Мы не встретились, а столкнулись, и я обхватила ее обеими руками:
– Теперь всегда будет так темно?
– Темно и тихо, – сказала она. И только тут я заметила, что наш неумолчный громкоговоритель замолчал, но меня это почему-то не обрадовало: я уже успела привыкнуть к его твердому несгибаемому голосу.
– И больше он не заговорит? – спросила я в ужасе. Ведь пока он орал у нас под окном, было ясно, что немцы до Ростова еще не дошли. А как же теперь? Откуда мы узнаем, как и где выравнивается линия фронта? И когда она выровняется вдоль Пушкинской, а когда вдоль нашей улицы Шаумяна?
Утром за окном было тихо, и хоть громкоговоритель по-прежнему молчал, я все же взяла портфель и отправилась в школу. И напрасно – школьная дверь была заперта, и к ней было пришпилено написанное от руки объявление, что занятия в школе временно отменяются. Было написано, что о начале занятий будет сообщено, но не было сообщено – как и когда. Кроме меня пришли еще и другие дети, их было не так уж много, но никто не хотел расходиться – стоять перед запертой дверью вместе было не так страшно, как идти домой поодиночке и ничего не знать.
Но в конце концов все постепенно разошлись, и я тоже поплелась домой, не представляя себе, что я буду делать целый день без школы и целый вечер без света. Зато Сабина встретила меня в кухне с полной тарелкой гречневой каши.
– Поешь, – сказала она, – и тебе станет не так грустно.

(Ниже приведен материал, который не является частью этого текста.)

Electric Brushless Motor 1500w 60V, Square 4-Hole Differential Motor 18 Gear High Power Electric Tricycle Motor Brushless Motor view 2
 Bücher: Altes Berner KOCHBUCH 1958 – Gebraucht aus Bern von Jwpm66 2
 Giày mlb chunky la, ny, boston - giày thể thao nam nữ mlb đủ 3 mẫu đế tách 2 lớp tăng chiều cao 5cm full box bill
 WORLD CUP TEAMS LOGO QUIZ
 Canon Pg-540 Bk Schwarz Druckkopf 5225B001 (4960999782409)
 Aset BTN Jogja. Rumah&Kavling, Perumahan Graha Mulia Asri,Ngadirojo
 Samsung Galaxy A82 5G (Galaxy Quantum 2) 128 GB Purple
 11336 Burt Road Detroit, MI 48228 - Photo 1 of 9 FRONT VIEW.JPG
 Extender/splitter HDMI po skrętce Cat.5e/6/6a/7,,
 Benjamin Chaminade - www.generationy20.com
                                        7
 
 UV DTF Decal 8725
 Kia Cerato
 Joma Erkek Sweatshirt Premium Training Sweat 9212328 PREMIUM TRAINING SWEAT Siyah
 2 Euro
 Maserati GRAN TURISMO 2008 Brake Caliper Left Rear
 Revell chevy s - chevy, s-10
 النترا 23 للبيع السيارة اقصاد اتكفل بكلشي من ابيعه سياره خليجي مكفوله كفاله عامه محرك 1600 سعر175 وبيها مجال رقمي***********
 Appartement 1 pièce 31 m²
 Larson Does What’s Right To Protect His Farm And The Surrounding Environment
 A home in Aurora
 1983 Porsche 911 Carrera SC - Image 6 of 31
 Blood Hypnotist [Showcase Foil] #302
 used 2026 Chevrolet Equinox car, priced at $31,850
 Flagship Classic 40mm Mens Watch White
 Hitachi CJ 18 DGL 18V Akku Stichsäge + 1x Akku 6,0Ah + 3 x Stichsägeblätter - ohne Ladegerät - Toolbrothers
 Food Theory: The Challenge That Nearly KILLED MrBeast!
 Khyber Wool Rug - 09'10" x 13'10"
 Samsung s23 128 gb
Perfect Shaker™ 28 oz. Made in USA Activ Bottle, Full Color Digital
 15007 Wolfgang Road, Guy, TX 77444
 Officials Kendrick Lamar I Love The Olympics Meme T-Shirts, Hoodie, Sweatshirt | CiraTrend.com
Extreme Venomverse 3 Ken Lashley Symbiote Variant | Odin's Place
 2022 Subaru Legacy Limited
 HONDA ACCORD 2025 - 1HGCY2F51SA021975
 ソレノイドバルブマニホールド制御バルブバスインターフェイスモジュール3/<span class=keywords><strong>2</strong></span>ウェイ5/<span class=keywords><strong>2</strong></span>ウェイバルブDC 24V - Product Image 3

Но даже после каши мне было очень грустно и неясно, как жить дальше. К вечеру так и не включили ни свет, ни громкоговоритель. Сабина зажгла свечу, но это не помогло – было грустно, темно и тихо. И вдруг тишина взорвалась грохотом: совсем близко что-то зарокотало и забухало, будто кто-то перекатывал большие пустые бочки. Он подкатывал их все ближе и ближе, и они грохотали и бухали все громче и громче.
Сабина поднялась с дивана и сказала:
– Я думаю, это стреляют пушки.
И я вспомнила разные книжки про войну, которые мы с ней за эти годы прочли по-русски и по-немецки. В этих книжках часто стреляли пушки, но читать про это было совсем не то, что слышать, как пушки стреляют рядом с тобой.
Неожиданно в нашу дверь кто-то постучал – стук был громкий, но ничуть не похожий на грохот и перекатывание пустых бочек за городом. Я помчалась отпирать дверь с криком «мама Валя!», но за дверью оказалась та самая хорошенькая санитарка Поля, которая обещала разузнать в госпитале про медсестру Гинзбург, только на этот раз на ней был не белый халат, а пилотка и гимнастерка цвета хаки. Она быстро вошла и сбросила на пол тяжелый рюкзак.
– Я очень спешу, – затараторила она, – у меня есть для вас всего одна минута, потому что наш госпиталь срочно эвакуируют на восток, чтобы он не попал в руки немцев. Я должна сообщить вам, что старшая медсестра Гинзбург тяжело ранена и ее эвакуируют вместе с госпиталем. Она просила передать вам привет и этот рюкзак. А кроме того, она велела передать своей дочке Лине этот кисет, – тут она протянула мне красный бархатный кисет, затянутый красным шнурком, – чтобы та положила в него свою метрику, повесила его на шею и никогда не снимала.
– Даже в душе? – как дура, спросила я, но Поля меня не слушала.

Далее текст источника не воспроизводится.